In the next tier of competition in this category for 2016 was John
Williams' typically masterful suite of
The BFG themes in "Sophie
and the BFG," Hurwitz's rowdy instrumental rendition of the song
"Another Day of Sun" in the "Credits" of
La La Land, Philipp F.
Kölmel's propulsive and cool "Practice Makes Perfect" from
Emerald Green (Smaragdgrün) (Kölmel has earned a "Top
Film Cue" nomination in this franchise before), Debney's modern fantasy
explosion in "Main Title" from
League of Gods, Simon Franglen's
heartbreaking arrangement of James Horner's material for "Faraday's
Ride" from
The Magnificent Seven, and Steven Price's
appropriately troubled but addictive love theme, "Harley and Joker,"
from
Suicide Squad.
The five runner-ups that barely missed the cut this time around were
Marco Beltrami's immense guilty pleasure, "Coronation," from
Gods of
Egypt (something of a source cue given all the drum-banging and
horn-blaring on screen), the defiantly powerful vocalizations of
"Birkibeinar Titull" from Storaas'
The Last King (Birkebeinerne),
Mancina's gorgeous adaptation of the song melodies of
Moana
into the victorious "Toe Feiloa'i," the optimism of Aaltio's closing
"The Water Cycle" from
Tale of a Lake, and Velázquez's
redemptive and spirited "Hasta Siempre, Amigos Míos" from
Zipi
y Zape y la Isla del Capitán.
Eliminated earlier in the process of determining these nominations but
still worth mentioning are Christopher Young's "Bailongma, The White
Dragon Horse" from the solid sequel score
The Monkey King 2, Ilan
Eshkeri's swashbuckling "The Flying Boat" from
Swallows and
Amazons, Dario Marianelli's pretty "Hanzo's Fortress" from
Kubo
and the Two Strings, Aaltio's boisterous "The Whole Story" from
Rölli and the Secret of All Time, Velázquez's beefy
"Gernika Under the Bombs" from
Gernika, Sato's customary piano
elegance in "Hontouha - Boku No Rie Chan Nan Da!" from
Rudolf the
Black Cat, John Ottman's monumental "The Transference" from
X-Men: Apocalypse, and Abel Korzeniowski's creepy and nostalgic
"Wayward Sisters" from
Nocturnal Animals.

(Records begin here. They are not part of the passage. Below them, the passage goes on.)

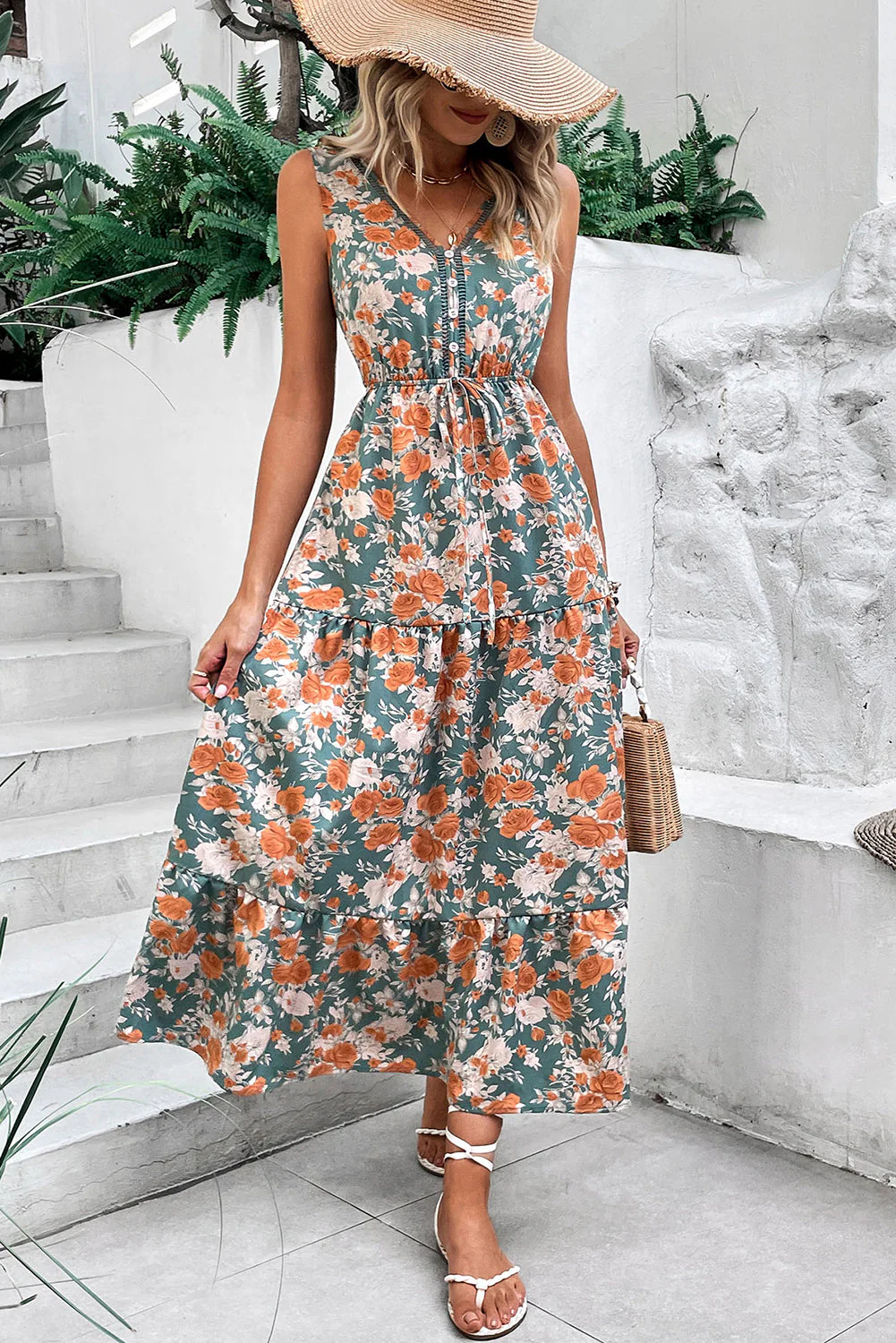 Green Floral Print Trimmed V Neck Tie Waist Sleeveless Holiday Long Dress - Image 6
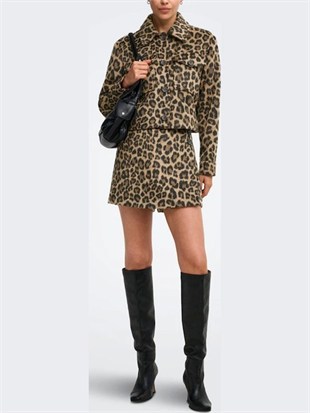 Only Bayan Onlemilia Leopar Desenli Şort Etek - 15374110 - Only - 15374110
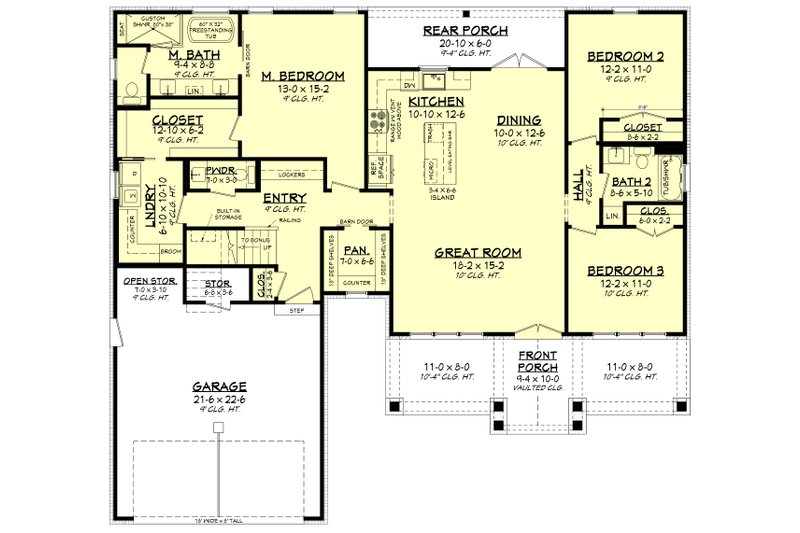 Home Plan - Floor Plan - Main Floor for Farmhouse House Plan #430-356 - 3 bed, 2.5 bath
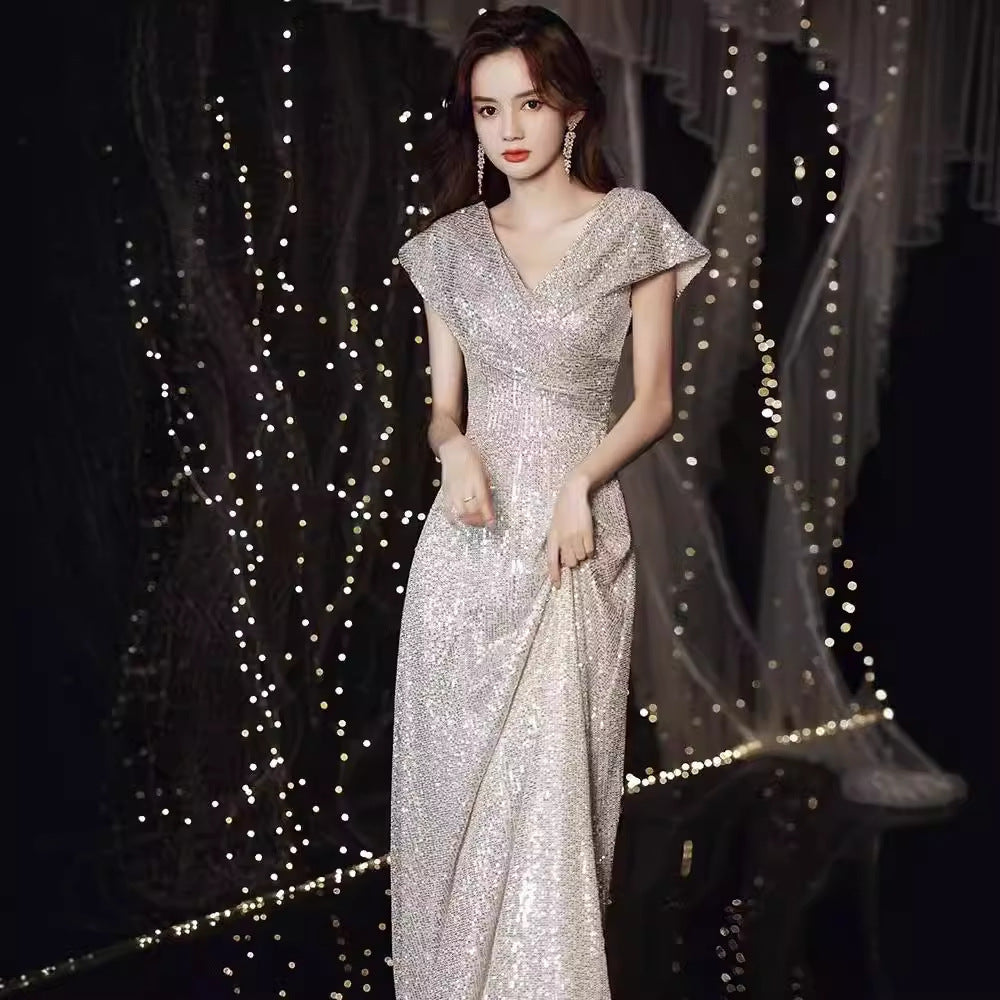 Banquet Evening Dress 2024 New High Sense V-neck Sequins Special Interest Light Luxury Performance Host's Dress Dress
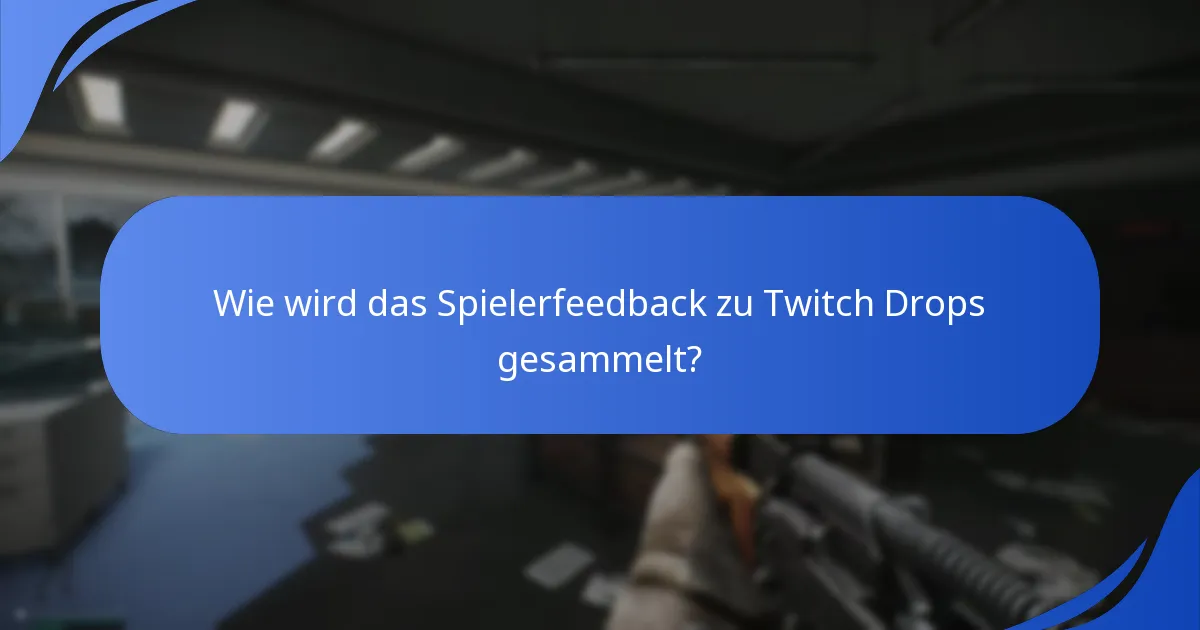 Wie wird das Spielerfeedback zu Twitch Drops gesammelt?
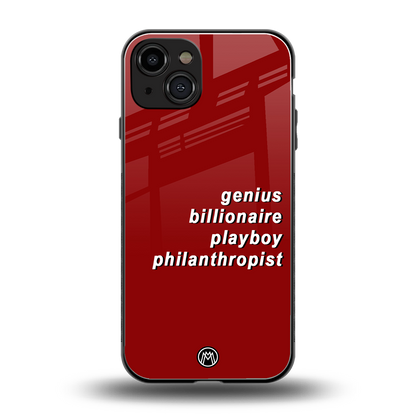 genius billionaire playboy philantrophist back phone cover | glass case for iphone 15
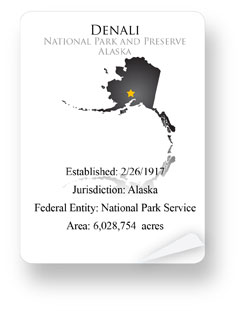 Denali National Park and Preserve, Alaska - Established: 2/26/1917 - Jurisdiction: Alaska - Federal Entity: National Park Service - Area: 6,028,754 acres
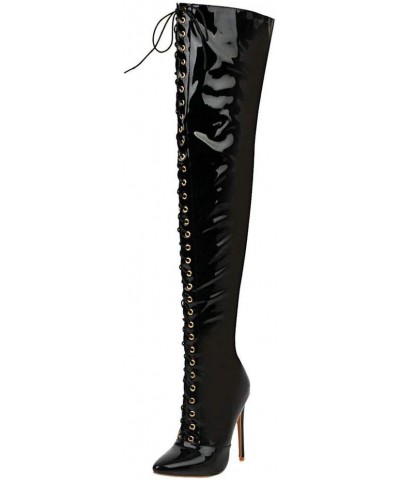 Womens Patent Thigh High Lace Up Stiletto Over The Knee Pointed Toe Boots Black $37.71 Boots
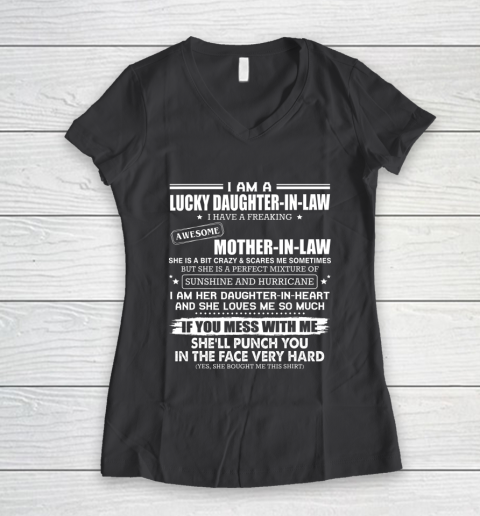Lucky Daughter In Law Have A Freaking Awesome Mother In Law Women's V-Neck T-Shirt 6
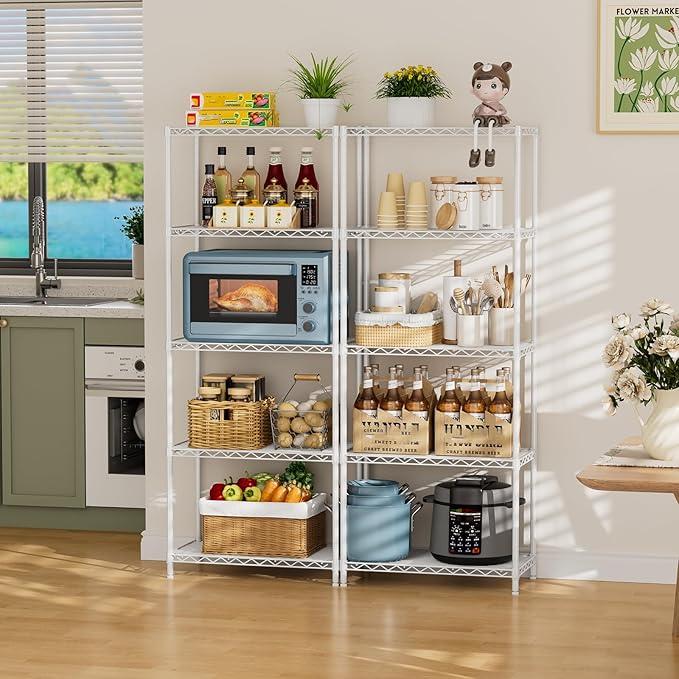 SINGAYE Shelf Wire Shelving Adjustable Storage Shelves Rack Standing Units for Kitchen Closet Laundry Bathroom Organizers Metal Pantry Narrow Mesh Gaps 12" D x 22" W x 59" H White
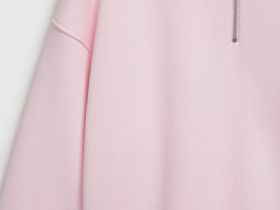 Толстовка с принтом и воротником на молнии, Розовый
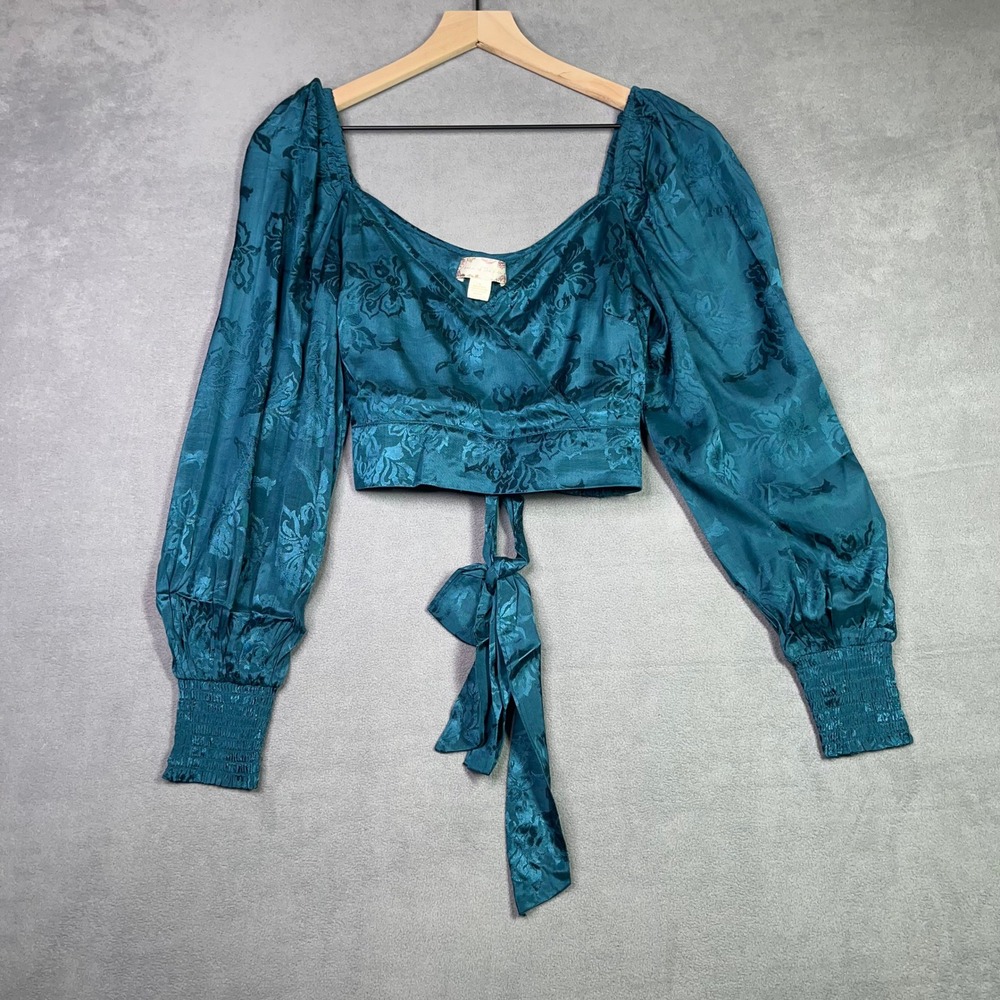 Band of the Free Crop Top Womens Small Teal Blue NWT Floral Jacquard Tie Back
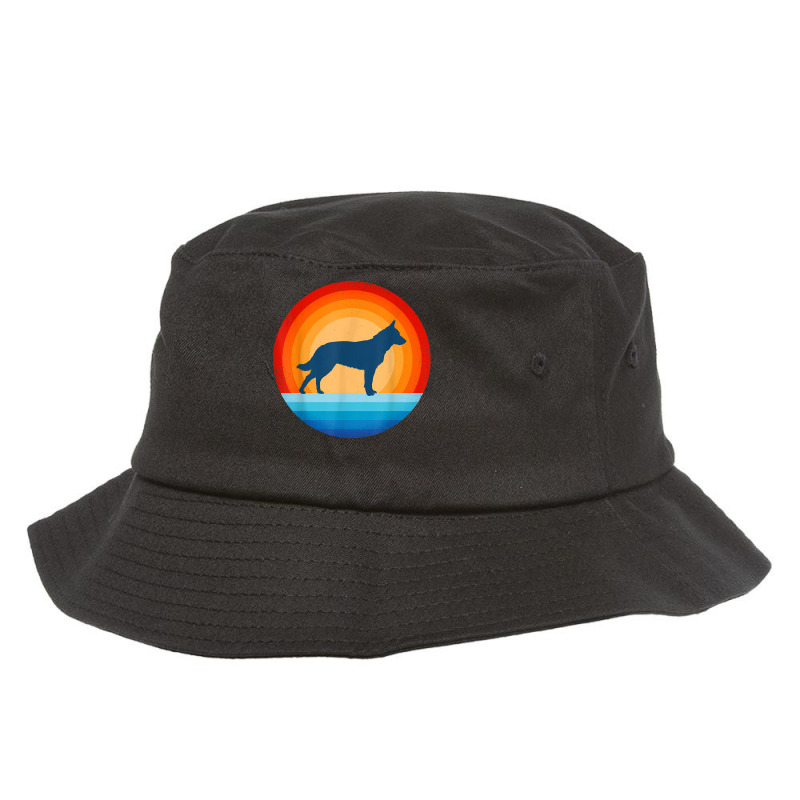 Blue Heeler Australian Cattle Dog Retro Vintage 70s Sunset T Shirt Bucket Hat by densonozmastonmq | Artistshot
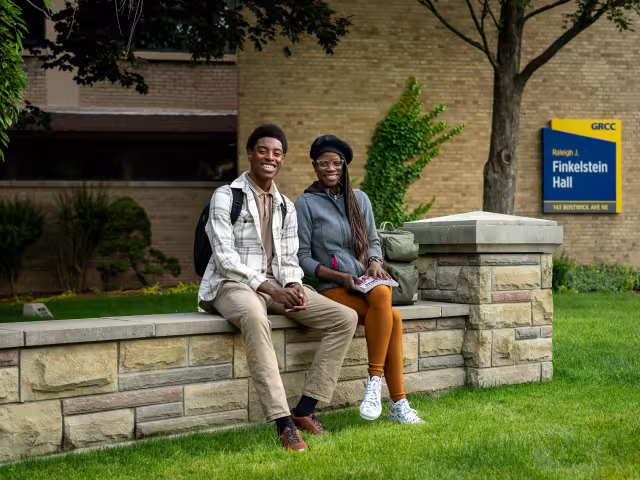 student outside on campus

Dropped in favor of
superior cues from the same scores were Howard's whirlwind "Main Titles"
from
Fantastic Beasts and Where to Find Them, Sato's melodramatic
"Assassin and Target" from
Assassination Classroom: Graduation,
and Elfman's exciting "Saving the Ship" from
Alice Through the
Looking Glass.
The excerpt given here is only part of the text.